Dataset records

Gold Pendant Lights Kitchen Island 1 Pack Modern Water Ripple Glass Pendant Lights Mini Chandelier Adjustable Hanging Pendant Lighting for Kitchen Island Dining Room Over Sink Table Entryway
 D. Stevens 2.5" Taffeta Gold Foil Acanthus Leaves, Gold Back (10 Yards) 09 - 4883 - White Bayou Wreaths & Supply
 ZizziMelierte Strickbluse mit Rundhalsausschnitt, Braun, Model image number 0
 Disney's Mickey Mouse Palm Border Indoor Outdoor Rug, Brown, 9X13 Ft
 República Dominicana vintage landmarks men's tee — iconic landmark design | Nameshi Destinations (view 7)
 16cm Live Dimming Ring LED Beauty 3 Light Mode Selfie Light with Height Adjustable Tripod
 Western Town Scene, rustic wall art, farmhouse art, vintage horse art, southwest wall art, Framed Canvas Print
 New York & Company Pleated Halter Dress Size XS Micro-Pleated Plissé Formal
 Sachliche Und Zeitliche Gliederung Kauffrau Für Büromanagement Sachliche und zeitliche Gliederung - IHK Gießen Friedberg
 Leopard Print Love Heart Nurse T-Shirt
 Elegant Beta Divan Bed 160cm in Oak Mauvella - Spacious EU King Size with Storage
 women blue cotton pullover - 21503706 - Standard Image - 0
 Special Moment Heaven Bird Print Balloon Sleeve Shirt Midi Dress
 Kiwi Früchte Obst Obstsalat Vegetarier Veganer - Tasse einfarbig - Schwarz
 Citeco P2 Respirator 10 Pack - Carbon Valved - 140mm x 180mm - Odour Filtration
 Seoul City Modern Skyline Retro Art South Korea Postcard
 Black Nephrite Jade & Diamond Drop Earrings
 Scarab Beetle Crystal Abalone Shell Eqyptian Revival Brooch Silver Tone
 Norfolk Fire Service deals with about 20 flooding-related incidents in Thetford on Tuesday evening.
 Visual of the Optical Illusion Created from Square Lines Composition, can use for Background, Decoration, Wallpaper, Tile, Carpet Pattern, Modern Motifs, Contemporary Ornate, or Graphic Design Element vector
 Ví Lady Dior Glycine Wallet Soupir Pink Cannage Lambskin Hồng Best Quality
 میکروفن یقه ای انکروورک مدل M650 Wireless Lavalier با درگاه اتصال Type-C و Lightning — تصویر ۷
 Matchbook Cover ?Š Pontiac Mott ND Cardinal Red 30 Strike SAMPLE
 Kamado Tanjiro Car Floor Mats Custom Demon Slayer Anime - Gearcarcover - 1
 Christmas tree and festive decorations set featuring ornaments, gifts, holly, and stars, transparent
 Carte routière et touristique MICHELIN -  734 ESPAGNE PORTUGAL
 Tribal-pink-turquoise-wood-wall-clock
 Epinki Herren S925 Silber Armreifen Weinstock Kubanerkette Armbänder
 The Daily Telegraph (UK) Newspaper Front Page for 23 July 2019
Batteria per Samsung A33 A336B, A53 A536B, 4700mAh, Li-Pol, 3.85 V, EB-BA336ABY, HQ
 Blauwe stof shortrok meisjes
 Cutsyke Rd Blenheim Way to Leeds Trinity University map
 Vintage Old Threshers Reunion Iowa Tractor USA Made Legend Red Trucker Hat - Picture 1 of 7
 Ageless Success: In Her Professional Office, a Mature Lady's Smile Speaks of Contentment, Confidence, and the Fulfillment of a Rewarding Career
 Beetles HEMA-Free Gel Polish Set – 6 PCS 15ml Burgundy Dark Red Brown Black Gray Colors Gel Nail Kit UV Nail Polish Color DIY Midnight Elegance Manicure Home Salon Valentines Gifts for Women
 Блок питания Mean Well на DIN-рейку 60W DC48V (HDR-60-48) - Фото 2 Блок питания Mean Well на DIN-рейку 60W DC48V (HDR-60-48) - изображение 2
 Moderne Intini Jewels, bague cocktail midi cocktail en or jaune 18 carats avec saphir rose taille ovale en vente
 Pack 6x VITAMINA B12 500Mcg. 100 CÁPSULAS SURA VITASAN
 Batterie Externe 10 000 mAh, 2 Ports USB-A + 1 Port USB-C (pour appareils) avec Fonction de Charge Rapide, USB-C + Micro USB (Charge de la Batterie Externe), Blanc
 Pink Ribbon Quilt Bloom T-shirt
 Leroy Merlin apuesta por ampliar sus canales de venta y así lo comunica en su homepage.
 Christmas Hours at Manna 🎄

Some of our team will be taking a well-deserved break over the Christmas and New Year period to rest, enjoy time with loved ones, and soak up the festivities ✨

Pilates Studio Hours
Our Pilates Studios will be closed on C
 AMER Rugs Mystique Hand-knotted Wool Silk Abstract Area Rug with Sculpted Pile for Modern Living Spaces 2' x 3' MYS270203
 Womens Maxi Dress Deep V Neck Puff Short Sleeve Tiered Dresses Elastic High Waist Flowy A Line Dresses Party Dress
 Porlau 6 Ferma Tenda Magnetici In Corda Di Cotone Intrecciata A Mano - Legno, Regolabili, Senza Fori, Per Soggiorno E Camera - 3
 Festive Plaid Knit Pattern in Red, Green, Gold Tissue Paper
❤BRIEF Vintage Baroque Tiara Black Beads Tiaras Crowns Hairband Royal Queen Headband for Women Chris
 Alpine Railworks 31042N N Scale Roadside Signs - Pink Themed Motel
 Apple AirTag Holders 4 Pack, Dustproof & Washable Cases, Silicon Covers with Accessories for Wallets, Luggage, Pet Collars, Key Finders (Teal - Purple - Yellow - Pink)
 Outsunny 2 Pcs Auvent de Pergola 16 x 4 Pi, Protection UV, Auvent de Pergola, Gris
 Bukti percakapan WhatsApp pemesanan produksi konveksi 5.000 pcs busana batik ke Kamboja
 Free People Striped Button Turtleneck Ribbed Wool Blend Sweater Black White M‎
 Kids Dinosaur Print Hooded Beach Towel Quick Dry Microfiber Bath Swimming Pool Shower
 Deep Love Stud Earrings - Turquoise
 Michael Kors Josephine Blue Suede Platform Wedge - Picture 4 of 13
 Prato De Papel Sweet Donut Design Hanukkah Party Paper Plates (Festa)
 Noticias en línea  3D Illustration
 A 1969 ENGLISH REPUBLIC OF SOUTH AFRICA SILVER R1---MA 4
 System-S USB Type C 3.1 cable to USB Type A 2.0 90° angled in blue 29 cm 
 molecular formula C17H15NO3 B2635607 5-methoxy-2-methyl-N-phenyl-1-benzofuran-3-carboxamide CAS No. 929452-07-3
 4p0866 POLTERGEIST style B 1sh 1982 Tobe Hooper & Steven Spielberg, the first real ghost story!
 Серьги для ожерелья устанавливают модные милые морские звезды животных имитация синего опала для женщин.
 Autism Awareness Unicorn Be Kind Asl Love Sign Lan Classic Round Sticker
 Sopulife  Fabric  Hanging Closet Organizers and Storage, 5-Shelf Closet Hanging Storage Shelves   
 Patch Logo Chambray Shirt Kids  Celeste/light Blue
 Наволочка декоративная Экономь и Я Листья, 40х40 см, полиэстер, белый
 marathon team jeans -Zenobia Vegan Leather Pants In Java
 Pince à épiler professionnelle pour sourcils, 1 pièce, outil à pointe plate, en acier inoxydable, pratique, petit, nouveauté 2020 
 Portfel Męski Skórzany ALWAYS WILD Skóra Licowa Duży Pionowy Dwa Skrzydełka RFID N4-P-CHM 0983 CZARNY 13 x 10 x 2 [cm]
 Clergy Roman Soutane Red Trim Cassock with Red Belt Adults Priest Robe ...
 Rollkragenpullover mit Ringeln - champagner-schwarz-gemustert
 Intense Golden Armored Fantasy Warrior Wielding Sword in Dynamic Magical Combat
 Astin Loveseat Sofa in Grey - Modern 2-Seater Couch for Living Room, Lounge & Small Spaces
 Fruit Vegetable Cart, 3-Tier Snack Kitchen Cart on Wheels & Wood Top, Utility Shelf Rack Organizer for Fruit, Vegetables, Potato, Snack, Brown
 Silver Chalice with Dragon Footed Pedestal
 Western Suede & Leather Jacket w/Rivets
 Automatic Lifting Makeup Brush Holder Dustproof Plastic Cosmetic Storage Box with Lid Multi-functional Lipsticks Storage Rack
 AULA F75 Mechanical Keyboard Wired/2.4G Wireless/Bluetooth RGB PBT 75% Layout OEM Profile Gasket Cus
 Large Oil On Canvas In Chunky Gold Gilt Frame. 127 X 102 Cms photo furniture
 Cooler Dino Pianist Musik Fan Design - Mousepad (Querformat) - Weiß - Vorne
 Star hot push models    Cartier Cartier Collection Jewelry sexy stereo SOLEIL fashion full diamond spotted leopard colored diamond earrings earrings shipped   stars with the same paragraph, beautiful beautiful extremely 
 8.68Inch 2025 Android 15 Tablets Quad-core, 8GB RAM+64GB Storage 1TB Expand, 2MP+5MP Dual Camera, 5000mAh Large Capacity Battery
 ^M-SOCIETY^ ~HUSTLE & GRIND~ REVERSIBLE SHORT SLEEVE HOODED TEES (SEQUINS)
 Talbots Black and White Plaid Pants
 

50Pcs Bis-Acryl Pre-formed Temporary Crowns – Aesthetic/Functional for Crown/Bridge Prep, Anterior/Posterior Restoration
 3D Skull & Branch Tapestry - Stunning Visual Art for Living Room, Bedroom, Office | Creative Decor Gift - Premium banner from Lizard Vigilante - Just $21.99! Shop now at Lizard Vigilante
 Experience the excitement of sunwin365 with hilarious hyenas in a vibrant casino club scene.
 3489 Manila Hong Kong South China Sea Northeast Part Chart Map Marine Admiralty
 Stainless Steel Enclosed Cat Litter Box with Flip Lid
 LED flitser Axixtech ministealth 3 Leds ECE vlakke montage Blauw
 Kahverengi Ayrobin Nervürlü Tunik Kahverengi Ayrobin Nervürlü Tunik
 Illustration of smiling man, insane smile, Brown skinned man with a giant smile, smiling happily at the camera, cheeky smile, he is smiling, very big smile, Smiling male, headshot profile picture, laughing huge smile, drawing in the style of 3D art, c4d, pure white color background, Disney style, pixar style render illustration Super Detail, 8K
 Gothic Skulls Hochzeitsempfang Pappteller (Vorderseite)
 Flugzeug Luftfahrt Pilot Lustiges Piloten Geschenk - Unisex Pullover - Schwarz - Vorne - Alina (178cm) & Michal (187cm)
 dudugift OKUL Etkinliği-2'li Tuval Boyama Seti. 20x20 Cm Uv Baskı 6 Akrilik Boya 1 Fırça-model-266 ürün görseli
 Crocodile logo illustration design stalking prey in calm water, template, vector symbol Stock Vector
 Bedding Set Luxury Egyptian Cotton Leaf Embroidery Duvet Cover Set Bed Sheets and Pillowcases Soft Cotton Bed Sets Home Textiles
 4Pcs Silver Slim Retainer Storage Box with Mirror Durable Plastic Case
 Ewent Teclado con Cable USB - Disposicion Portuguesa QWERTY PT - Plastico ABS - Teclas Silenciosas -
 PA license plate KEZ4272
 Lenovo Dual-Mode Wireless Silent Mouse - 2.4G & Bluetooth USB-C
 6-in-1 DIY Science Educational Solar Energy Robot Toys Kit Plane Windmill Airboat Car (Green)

:: PROBLEM ::
Your answer should be every line above that contains the word "Dustproof".

:: COMPLETED EXERCISE ::
 Apple AirTag Holders 4 Pack, Dustproof & Washable Cases, Silicon Covers with Accessories for Wallets, Luggage, Pet Collars, Key Finders (Teal - Purple - Yellow - Pink)
 Automatic Lifting Makeup Brush Holder Dustproof Plastic Cosmetic Storage Box with Lid Multi-functional Lipsticks Storage Rack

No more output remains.